The Devil approached Max von Neumann on the 28th of December, 1903, not long after the birth of Max’s eldest son, John. How the Devil approached Max von Neumann is uncertain, but the result is clear, as the following discourse shall show.
The Devil said, “Good evening, Mr. von Neumann.”
And Max von Neumann said, “Good evening, Mr. Morningstar.”
The Devil said, “Now that the pleasantries are concluded, I offer you this deal. In exchange for your son’s soul, I shall give his mind the brilliance of the star that bears my name. The world will be for him a window through which the universe shall shine.”
And Max von Neumann said, “Such a thing would be great, indeed. But what would I be giving in return? What is a soul?”

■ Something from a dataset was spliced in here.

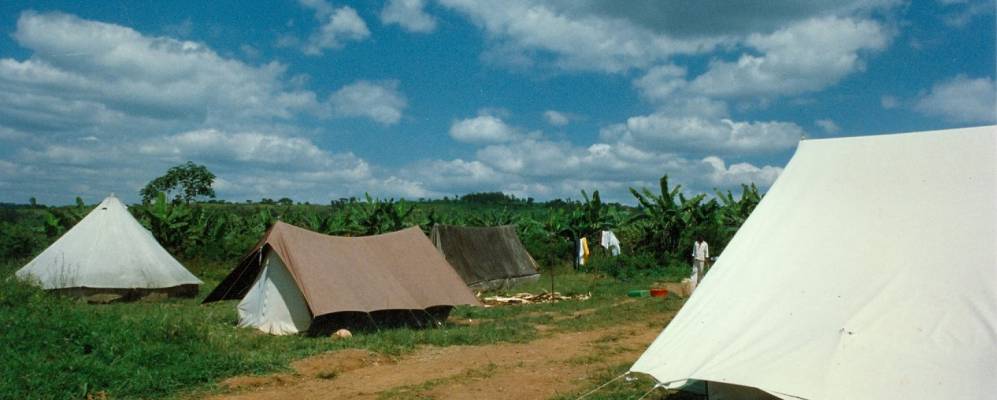 
            Фотография Нгози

The Devil said, “Nothing observable. A linear representation of a life from its beginning to its end. Nothing more. Or less.”
Max von Neumann found he could not say no. The deal was struck. John von Neumann grew, and his mind flourished. He became a legend in his own time. And fifty-three years and two months after his birth, the Devil approached John von Neumann on his deathbed.
The Devil said, “Good evening, Mr. von Neumann.”
And John von Neumann said, “Good evening, Mr. Morningstar. I thought you might be coming. I’ve been practicing my Faust.”
The Devil said, “I have come for your soul.”
And John von Neumann said, “By whose authority?”
The Devil said, “By the authority of your father, who struck the deal with me long ago.”
And John von Neumann said, “What right did my father have, to bargain my soul?”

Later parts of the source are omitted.